An Explanatory Machine Learning Framework for Teacher Effectiveness in STEM Education
Effective Years: 2024-2026
This project aims to serve the national interest by developing explanatory machine learning methods for the study of teaching effectiveness in STEM education. There is consistent evidence that teachers vary widely in their effectiveness but conventional analytic methods have largely failed to explain why and under what contexts teaching and teachers vary. Explanatory machine learning methods hold significant potential in developing fundamental knowledge and theories of equitable and effective STEM teaching because they can track complex features, processes and patterns inherent in and implied by theories of teaching in ways where conventional methods fall short. In this project, we examine the extent to which we can leverage machine learning methods to identify and explain profiles, pathways and practices (e.g., who teachers are, what teachers know, what teachers believe, perceive and experience, what teachers do) that produce student learning and how these profiles and practices vary across STEM education contexts. The outcomes of this project have the potential to accelerate research on the theory and practice of effective teaching, teacher preparation, teacher development and student learning. This is a three-year BCSER: Individual Investigator Development project in STEM Education Research within Research on STEM Learning and Learning Environments.
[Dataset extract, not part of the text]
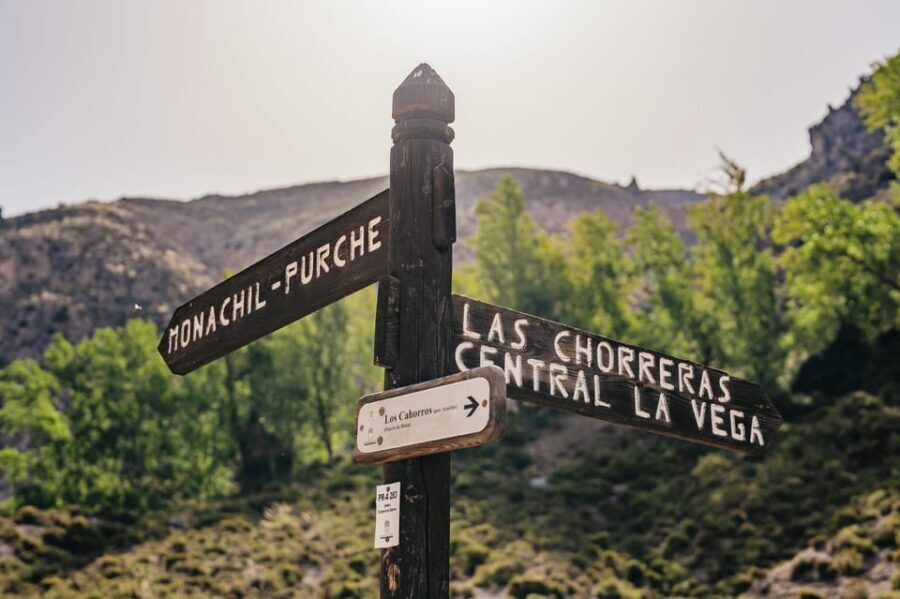 Granada: Los Cahorros de Monachil Canyon Hiking Tour - When to go: seasonal changes you can feel on this trail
The fields of STEM education and teacher development have made substantial progress in developing sophisticated theories of teaching and learning and instruments and measures that support and operationalize research on those theories (e.g., teacher knowledge, culturally responsive teacher self-efficacy, classroom observations). Recent literature has, however, noted that there is a mismatch between the complexity found in our theories of effective teachers and teaching and the prevailing methods we use to analyze those theories. For example, theories suggest that teaching is a highly interactive, adaptive, nonlinear and context-dependent practice; yet the field has almost exclusively drawn on simple linear regression models that cannot readily detect and analyze these complex patterns. There is a growing recognition of the need to craft, develop and grow methodologies specific to the purposes of STEM teaching and learning research. This project aims to fill this gap by developing and adapting explanatory machine learning methods (e.g., neural networks) to analyze studies of teaching effectiveness and examining the extent to which these methods can predict, explain and contextualize effective teaching in ways that outperform conventional methods. The results have the potential to broadly build capacity and impact the field by identifying complex features and profiles of effective teaching within and across contexts and developing scalable machine learning methods that are broadly applicable to STEM education studies. This project is supported through a partnership with the Bill & Melinda Gates Foundation, Schmidt Futures, and the Walton Family Foundation. This project is also supported by NSF's EDU Core Research Building Capacity in STEM Education Research (ECR: BCSER) program, which is designed to build investigators' capacity to carry out high-quality STEM education research in the core areas of STEM learning and learning environments, broadening participation in STEM fields, and STEM workforce development.
This award reflects NSF's statutory mission and has been deemed worthy of support through evaluation using the Foundation's intellectual merit and broader impacts review criteria.